Burgos also brought an unreasonable intrusion claim under the Fourth *309Amendment against six defendants, alleging that he was forced to submit a urine sample for an unlawful, non-random analysis, the results were used to discipline him, and the disciplinary sanctions were upheld. As the District Court explained, based on the evidence in the record, the testing of Burgos’s urine was part of an investigation into drug use after a prison official smelled marijuana near Burgos’s cell. Given the justification for the testing, we agree with the District Court that under Bell there was no unreasonable intrusion or Fourth Amendment violation. We also agree with the District Court that Burgos’s related state law contract claim relating to the forced testing of his urine is without merit. Also, as did the District Court, we conclude that he is not entitled to just compensation under the Takings Clause for the urine used in the urinalysis.
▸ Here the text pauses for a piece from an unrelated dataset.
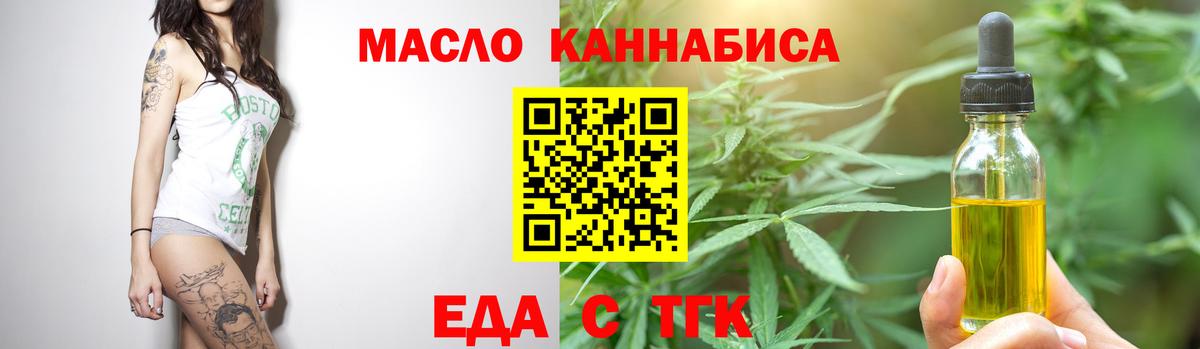 Бор  Печенье с ТГК марихуана  Вход с VPN 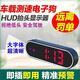 2025新款車載HUD顯示通用北斗安全預(yù)警儀電子狗語音播報超速報警 新款通用北斗安全預(yù)警儀 平臺已通過-廠家直供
The District Court also properly granted summary judgment in favor of the defendants on Burgos’s procedural and substantive due process and equal protection claims. First, Burgos did not suffer an atypical or significant hardship when he served 83 days of a 90-day RHU detention for being found guilty of marijuana use in prison. See Griffin v. Vaughn, 112 F.3d 703, 706 (3d Cir.1997). Moreover, the record is rife with evidence that Burgos was afforded due process; he was provided with the charges, he was permitted to retest his urine, and he was made aware of the evidence against him. Canino Decl. ¶¶ 4-9. Also, he was permitted to appeal the decision (which was based on two lab reports indicating marijuana use). Accordingly, the District Court properly granted judgment in favor of the defendants on Burgos’s procedural due process claims. As the District Court concluded, the defendants were also entitled to judgment on the substantive due process claims because not only did Bur-gos not specifically articulate a substantive due process claim, but also to the extent that he alluded to one, it was better considered under other more specific constitutional provisions. See County of Sacramento v. Lewis, 523 U.S. 833, 843, 118 S.Ct. 1708,140 L.Ed.2d 1043 (1998). Lastly,1 Burgos’s claim of a violation of equal protection, based on a broad allegation and no evidence in the face of the defendants’ evidence to the contrary, properly did not survive the defendants’ motion for summary judgment.
In conclusion, for the reasons given above (and for the reasons given by the District Court), the District Court properly granted summary judgment in favor of the defendants. Because no substantial issue is raised on appeal, we will summarily affirm the District Court’s judgment.
. We do not address Burgos’s claims of a First Amendment violation because they were only against a defendant that he dismissed from the action and Smith, who was never served.